August 17, 2011
A planet orbiting a star some 750 million light years away is extraordinarily dark, according to astronomers at the Harvard-Smithsonian Center for Astrophysics and Princeton University who report their findings in the Monthly Notices of the Royal Astronomical Society. They used data from NASA’s Kepler spacecraft to study the alien world and found that it reflects only 1 percent of the light that reaches it.
The planet, TrES-2b, is a gas giant about the size of Jupiter. But that’s where the similarities end. Jupiter is cool enough to be surrounded by bright clouds of ammonia that reflect a third or more of the sunlight that falls on it. TrES-2b is much hotter—more than 1,800 degrees Fahrenheit—and lacks the reflective clouds. It’s atmosphere is full of chemicals that absorb light, such as gaseous titanium oxide and vaporized sodium and potassium, which explain, in part at least, the planet’s dark nature. The planet is so dark, it is blacker than anything in our Solar System, blacker than paint, blacker than coal.

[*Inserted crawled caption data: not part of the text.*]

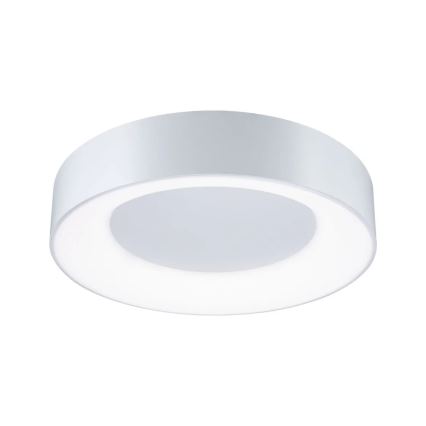 Paulmann 78947 - LED/23W IP44 Стельовий світильник для ванної кімнати CASCA 230V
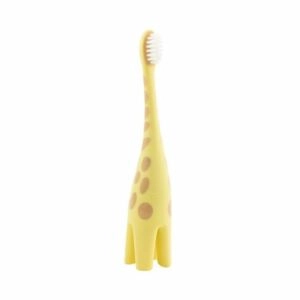 Dr. Brown's Escova de Dentes Girafa 0-3 Anos 6364109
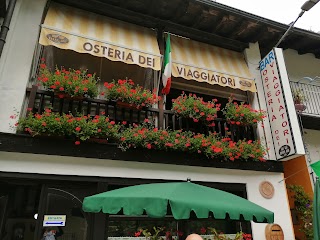 Osteria Dei Viaggiatori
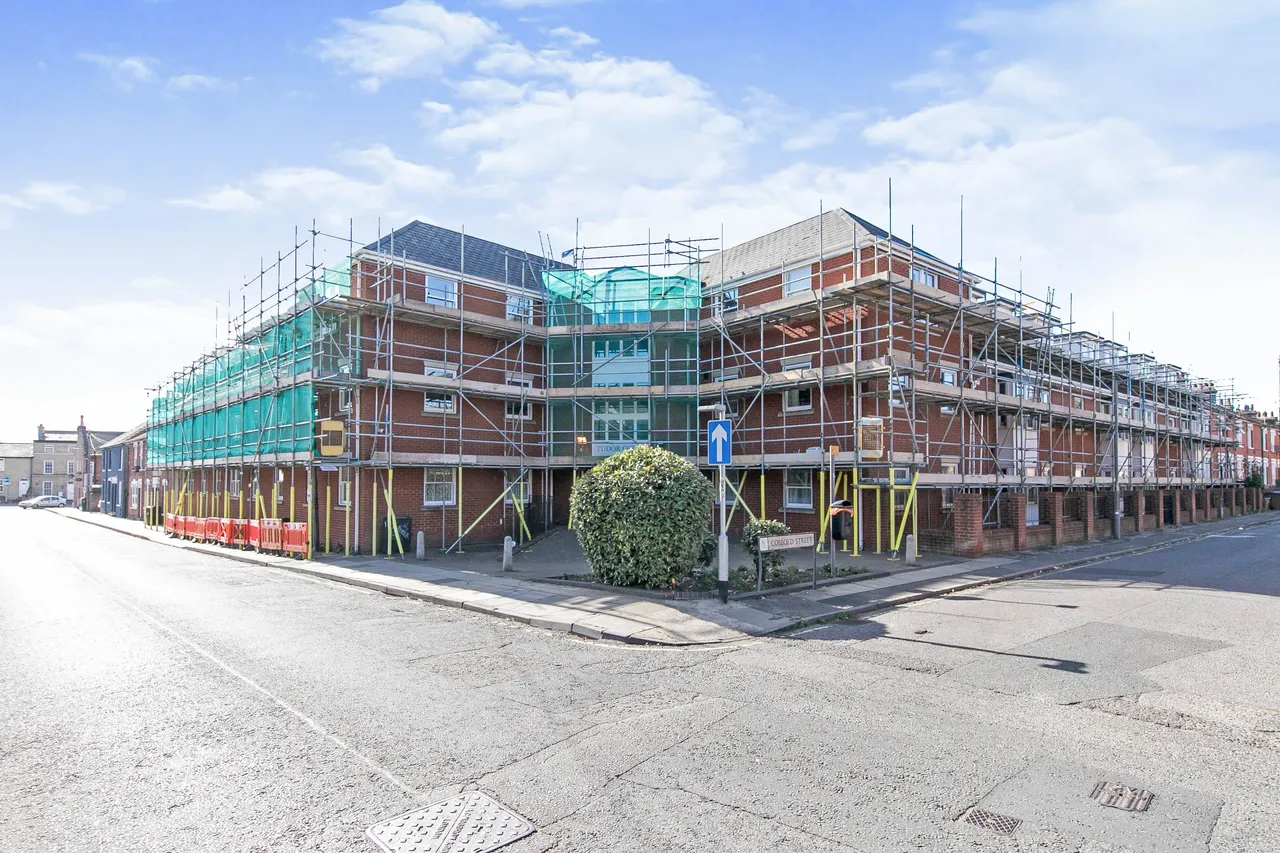 Christchurch Street, Ipswich, IP4, photo 11
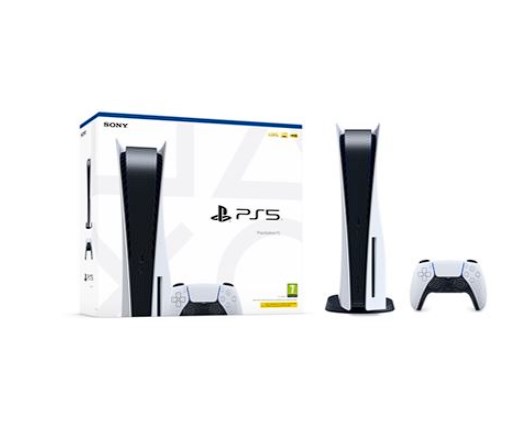 chollo Consolas PS5 + Resident Evil 4 + 75€ de Regalo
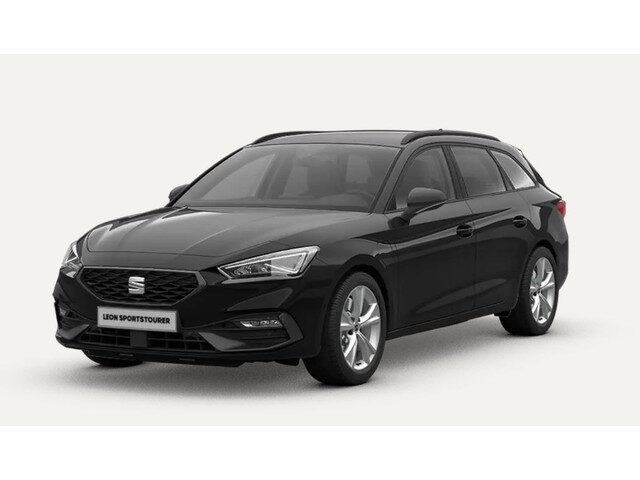 Seat Leon Sportstourer 1.5 TSI e-Hybrid FR Business Trekhaak + Safe & Driving Pack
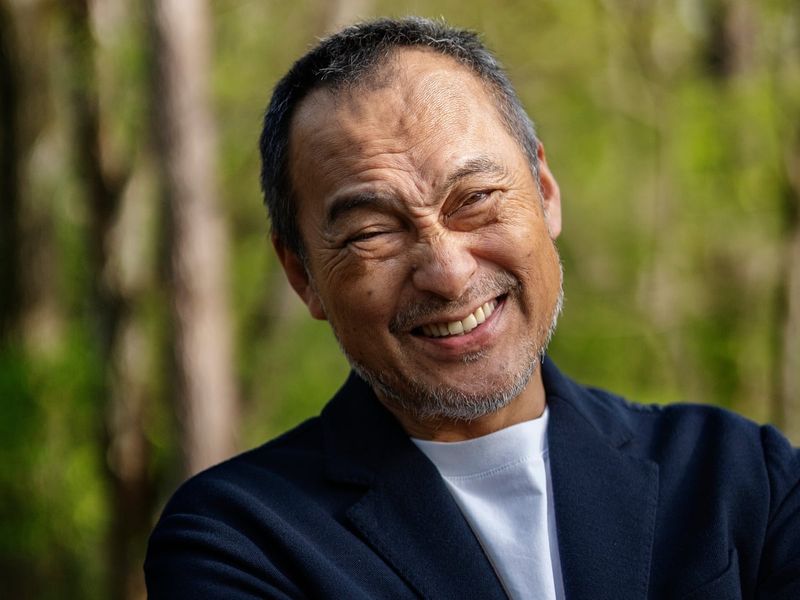 Ken Watanabe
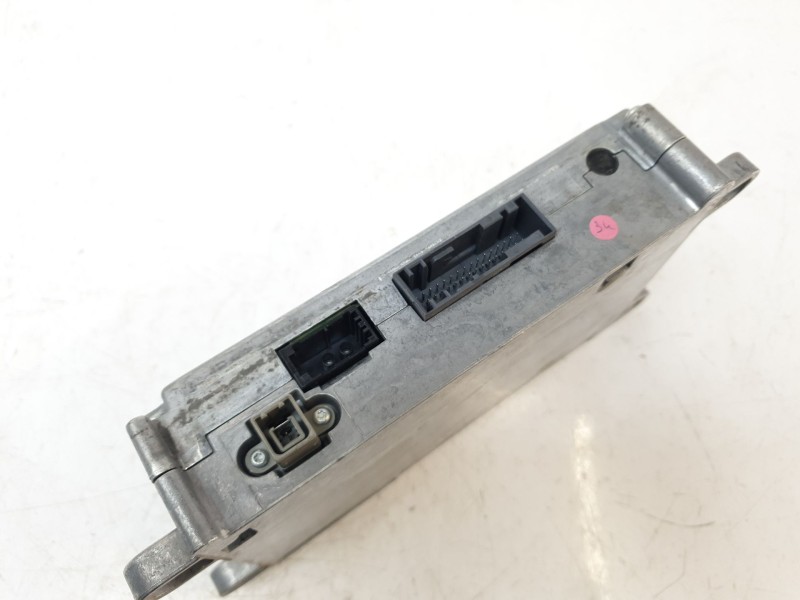 Recambio de modulo electronico para porsche 911 (typ 997) carrera s coupe referencia OEM IAM 99764620701 7L5035741F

“It’s not clear what is responsible for making this planet so extraordinarily dark,” says study co-author David Spiegel of Princeton University. “However, it’s not completely pitch black. It’s so hot that it emits a faint red glow, much like a burning ember or the coils on an electric stove.”
TrES-2b is weird in another way—it is tidally locked, like our Moon is with Earth, so that one side always faces its sun, the star GSC 03549-02811, and one side always faces away.